● TASK: Print out every entry that follows, exactly as written.
---
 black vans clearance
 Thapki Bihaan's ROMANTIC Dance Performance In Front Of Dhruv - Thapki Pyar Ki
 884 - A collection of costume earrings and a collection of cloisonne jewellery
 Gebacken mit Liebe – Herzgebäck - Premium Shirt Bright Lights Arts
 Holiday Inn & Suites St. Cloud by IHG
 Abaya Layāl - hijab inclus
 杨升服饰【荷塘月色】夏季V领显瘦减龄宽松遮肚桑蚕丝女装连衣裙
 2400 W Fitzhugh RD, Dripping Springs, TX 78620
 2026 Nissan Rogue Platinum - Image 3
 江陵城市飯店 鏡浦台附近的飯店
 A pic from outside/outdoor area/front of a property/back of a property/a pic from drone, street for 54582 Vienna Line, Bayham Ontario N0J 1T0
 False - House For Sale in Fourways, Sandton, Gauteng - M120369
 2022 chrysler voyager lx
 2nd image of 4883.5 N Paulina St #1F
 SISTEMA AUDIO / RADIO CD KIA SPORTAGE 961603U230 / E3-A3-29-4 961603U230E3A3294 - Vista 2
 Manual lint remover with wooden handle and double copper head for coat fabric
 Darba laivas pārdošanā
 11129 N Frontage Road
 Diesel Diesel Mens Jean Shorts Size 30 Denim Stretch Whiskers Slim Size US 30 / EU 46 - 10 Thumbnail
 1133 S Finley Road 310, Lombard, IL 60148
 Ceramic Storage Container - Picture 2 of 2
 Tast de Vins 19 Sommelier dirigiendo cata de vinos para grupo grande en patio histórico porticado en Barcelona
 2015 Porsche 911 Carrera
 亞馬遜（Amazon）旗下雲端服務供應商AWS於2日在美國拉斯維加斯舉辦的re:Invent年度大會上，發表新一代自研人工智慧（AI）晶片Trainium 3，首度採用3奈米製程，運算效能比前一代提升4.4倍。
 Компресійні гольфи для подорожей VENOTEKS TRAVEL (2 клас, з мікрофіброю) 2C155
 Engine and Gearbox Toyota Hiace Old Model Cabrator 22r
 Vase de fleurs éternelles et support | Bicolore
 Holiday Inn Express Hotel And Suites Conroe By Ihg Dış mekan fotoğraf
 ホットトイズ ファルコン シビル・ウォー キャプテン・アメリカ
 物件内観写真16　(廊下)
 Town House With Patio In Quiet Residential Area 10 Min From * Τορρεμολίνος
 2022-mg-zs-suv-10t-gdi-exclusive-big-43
---
● OUTPUT FOR THIS EXERCISE:
 black vans clearance
 Thapki Bihaan's ROMANTIC Dance Performance In Front Of Dhruv - Thapki Pyar Ki
 884 - A collection of costume earrings and a collection of cloisonne jewellery
 Gebacken mit Liebe – Herzgebäck - Premium Shirt Bright Lights Arts
 Holiday Inn & Suites St. Cloud by IHG
 Abaya Layāl - hijab inclus
 杨升服饰【荷塘月色】夏季V领显瘦减龄宽松遮肚桑蚕丝女装连衣裙
 2400 W Fitzhugh RD, Dripping Springs, TX 78620
 2026 Nissan Rogue Platinum - Image 3
 江陵城市飯店 鏡浦台附近的飯店
 A pic from outside/outdoor area/front of a property/back of a property/a pic from drone, street for 54582 Vienna Line, Bayham Ontario N0J 1T0
 False - House For Sale in Fourways, Sandton, Gauteng - M120369
 2022 chrysler voyager lx
 2nd image of 4883.5 N Paulina St #1F
 SISTEMA AUDIO / RADIO CD KIA SPORTAGE 961603U230 / E3-A3-29-4 961603U230E3A3294 - Vista 2
 Manual lint remover with wooden handle and double copper head for coat fabric
 Darba laivas pārdošanā
 11129 N Frontage Road
 Diesel Diesel Mens Jean Shorts Size 30 Denim Stretch Whiskers Slim Size US 30 / EU 46 - 10 Thumbnail
 1133 S Finley Road 310, Lombard, IL 60148
 Ceramic Storage Container - Picture 2 of 2
 Tast de Vins 19 Sommelier dirigiendo cata de vinos para grupo grande en patio histórico porticado en Barcelona
 2015 Porsche 911 Carrera
 亞馬遜（Amazon）旗下雲端服務供應商AWS於2日在美國拉斯維加斯舉辦的re:Invent年度大會上，發表新一代自研人工智慧（AI）晶片Trainium 3，首度採用3奈米製程，運算效能比前一代提升4.4倍。
 Компресійні гольфи для подорожей VENOTEKS TRAVEL (2 клас, з мікрофіброю) 2C155
 Engine and Gearbox Toyota Hiace Old Model Cabrator 22r
 Vase de fleurs éternelles et support | Bicolore
 Holiday Inn Express Hotel And Suites Conroe By Ihg Dış mekan fotoğraf
 ホットトイズ ファルコン シビル・ウォー キャプテン・アメリカ
 物件内観写真16　(廊下)
 Town House With Patio In Quiet Residential Area 10 Min From * Τορρεμολίνος
 2022-mg-zs-suv-10t-gdi-exclusive-big-43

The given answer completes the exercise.